官道两侧跪着面黄肌瘦的流民,有个五六岁孩童捧着豁口陶碗追着马车跑。沈嘉岁摸出荷包要施舍,却被燕回时按住:“此处流民成帮,露财恐生事端。”
暮色四合时,残破的城墙映入眼帘。
墙砖缝隙里钻出半人高的野草,守城兵丁拄着长枪打盹。
纪再造握紧腰间佩刀:“属下这就去县衙通知当地县令。”
“且慢。”沈嘉岁掀起帷帽轻纱,“不必打草惊蛇,咱们先看看新昌县的民生实况再说。”
一行两百余人的队伍,为避免过于招摇,在接近县城时便三三两两、悄无声息地陆续进入城门。

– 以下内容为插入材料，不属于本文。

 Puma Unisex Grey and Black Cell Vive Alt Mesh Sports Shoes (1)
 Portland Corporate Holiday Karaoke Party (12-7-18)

沈嘉岁与燕回时并肩而行,步行踏入这座属于她的封地——新昌县城。
城内只有一条主街贯穿东西,街道两旁挤满了各式各样的小摊,支着简陋的布篷,售卖着针头线脑、瓜果蔬菜、乡土吃食。
临街的铺面也都敞开着门,招呼着稀稀落落的客人,虽不繁华,倒也透着一股子鲜活的热闹气儿。
只是这新昌县,委实太小了些。
两人沿着正街缓缓踱步,不过一刻钟的光景,竟已从略显喧嚣的街头走到了冷清寂寥的街尾,整座县城仿佛一眼便望到了头。